The reform of the controversial norm approved in the first term of Ada Colau that obliges to reserve 30% of the promotions of new construction or great rehabilitations to subsidized housing, an issue that Jaume Collboni is willing to address in agreement with the promoters And with enough political support, it’s not going to be an easy task. The mayor announced this Thursday in Foros de Vanguardia that he will make the measure more flexible by monetizing it so that private companies contribute funds through this channel so that the City Council can buy land and build affordable apartments. The employers of the sector, the APCE, sees the change as positive, but warns that it is not enough, that the conditions of the current regulation must be further softened, which came into force in December 2018 and has obtained poor results so far.

The mayor assured that the changes that he intends to apply have been discussed with the sector and that it views them favorably. The promoters respond that the question must be addressed in a much broader way. “If only the measure is monetized, what will happen is that the price of free housing will increase, and it is already very high,” warns Xavier Vilajoana, president of the PACE, who recalls that the proposal, accompanied by other Some of them are the result of work with, among others, the professional associations of architects and surveyors, and not the newly constituted municipal government. “From the first moment we have opposed the 30% rule -he recalls-, but if it is not repealed, we have proposed a broad review that allows us to achieve the objectives we had, which is to increase the supply of affordable housing ”.

The first question that promoters raise is to exclude large renovations from the norm. “It does not make sense that these actions are being encouraged with aid from Next Generation funds and that later, when the building license is requested, 30% has to be allocated to official protection, thus it does not help to make these improvements” . Therefore, these integral reforms of buildings should, according to the PACE, be left out.

Another workhorse for promoters is raising the area from which promotions are required to apply the 30% reserve. Now it is 600 square meters (400 square meters in Gràcia). “We defend that the minimum be 2,400 square meters,” Vilajoana specifies, to exclude the smallest buildings with the fewest number of homes, in which, in his opinion, it does not make sense to make this reservation.

At this point, in which the conditions of application of the 30% reserve have been softened with the two modifications explained, the PACE proposes that the promoters can transfer the surface that they must allocate to official protection to plots of their property in the same district to be able to concentrate this type of offer. Now this transfer is possible, if a series of conditions are met, within the same neighborhood. Lastly, this organization proposes that the measure –the formula announced by Collboni– can be monetized by calculating its value, basically subtracting the free sale price from the protection price, and that these amounts be contributed to the City Council so that it can allocate them to the promotion of public housing.

The only official data on the impact of the standard can clearly be improved.
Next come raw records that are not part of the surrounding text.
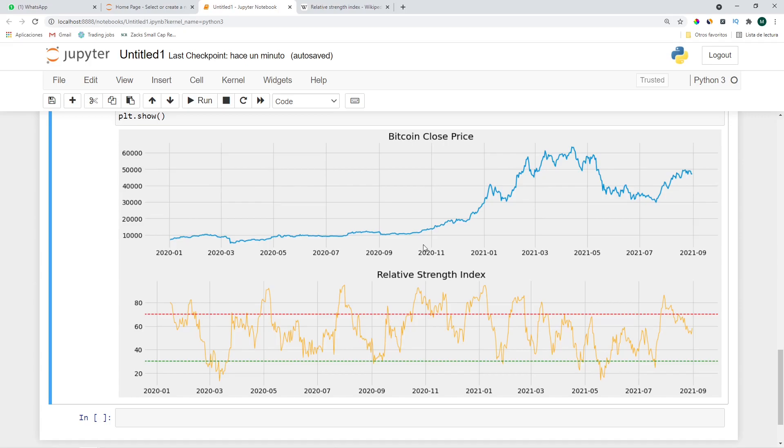Today I showed you how to create an RSI indicator only using pandas. If you found this video interesting please don't forget to like the video and maybe even subscribe to my channel in order to stay up to date with my periodical uploads. I tend to upload twice per week so stay tuned. I'll see you on the next one.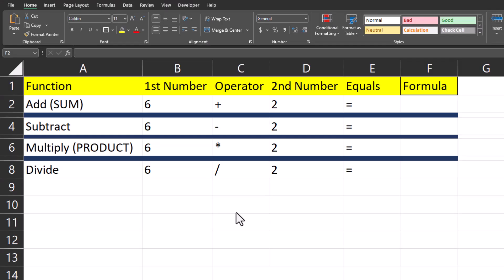Hello team and welcome to today's video where we're going to be taking a look at how to perform basic math functions in Excel such as addition, subtraction, multiplication, and division. Where applicable, I'll show you what functions exist in Excel to help you perform these functions. Let's get started.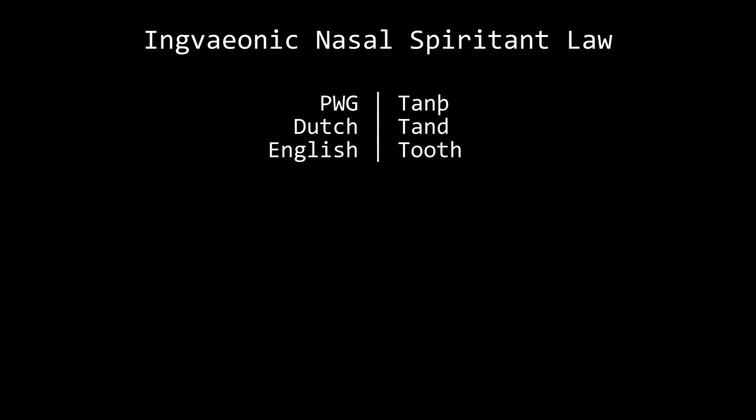The Ingvaeonic nasal spirant law causes the loss of nasals before fricatives, causing the nasalization and lengthening of a preceding vowel. It applies to all Ingvaeonic languages and Dutch with a few words. For example, you have the Proto-West Germanic word tanth, which becomes tand in Dutch, but tooth in English. Fünf in German, but five in English.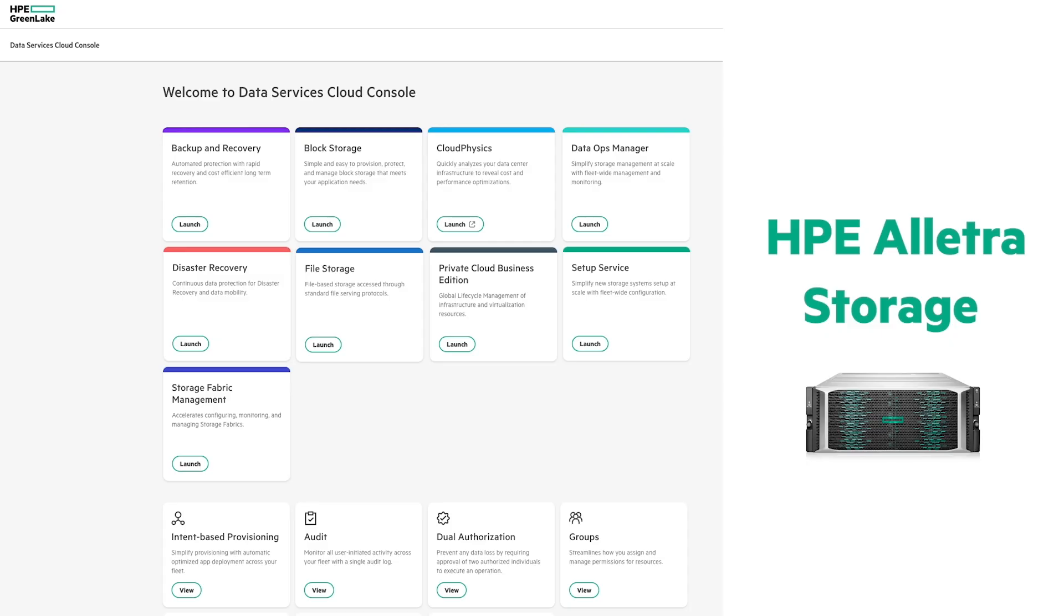As a systems engineer at Hewlett Packard Enterprise, I'm excited to announce that we're changing the storage game. HPE Alletra storage provides an always-on, always-fast cloud experience everywhere for every workload and every SLA.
The APCE estimated 52 subsidized homes generated in the first four years of application and the City Council at 150 because it included the building permits in process and the apartments that were initially fraudulently released to the free market and that gave rise to fines. In both cases there are very few, since the municipal government estimated some 400 units per year.
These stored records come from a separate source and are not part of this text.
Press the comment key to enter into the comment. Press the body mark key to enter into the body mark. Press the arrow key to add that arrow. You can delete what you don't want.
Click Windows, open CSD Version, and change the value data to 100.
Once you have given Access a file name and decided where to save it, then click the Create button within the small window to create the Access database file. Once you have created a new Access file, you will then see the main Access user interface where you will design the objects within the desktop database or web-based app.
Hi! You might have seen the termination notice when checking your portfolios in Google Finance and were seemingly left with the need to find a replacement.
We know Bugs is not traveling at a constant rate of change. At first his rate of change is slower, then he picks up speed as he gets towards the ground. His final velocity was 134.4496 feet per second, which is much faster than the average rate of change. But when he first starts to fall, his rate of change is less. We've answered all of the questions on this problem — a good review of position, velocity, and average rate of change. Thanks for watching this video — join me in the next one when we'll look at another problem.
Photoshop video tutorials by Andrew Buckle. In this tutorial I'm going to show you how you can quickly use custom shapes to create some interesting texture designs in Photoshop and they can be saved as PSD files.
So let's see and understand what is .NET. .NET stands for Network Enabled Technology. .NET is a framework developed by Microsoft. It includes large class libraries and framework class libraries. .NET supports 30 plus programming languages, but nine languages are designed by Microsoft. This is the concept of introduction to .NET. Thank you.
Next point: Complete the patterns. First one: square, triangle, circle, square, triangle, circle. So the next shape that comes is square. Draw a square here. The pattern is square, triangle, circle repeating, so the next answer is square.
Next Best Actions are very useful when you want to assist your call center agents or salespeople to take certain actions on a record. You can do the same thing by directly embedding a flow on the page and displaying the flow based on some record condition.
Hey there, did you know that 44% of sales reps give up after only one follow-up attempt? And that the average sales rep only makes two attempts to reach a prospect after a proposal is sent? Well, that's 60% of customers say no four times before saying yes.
The promoters insist that allocating 30% of the homes in the same promotion to official protection makes marketing and access difficult, since there are areas in which the cost of living is unaffordable for the majority of the recipients of these apartments, as They must meet minimum and maximum income requirements. “Many do not consider going to live in them –explains Vilajoana– and end up in the hands of the children of the families in the same neighbourhood; perhaps that was not the objective of the measure”.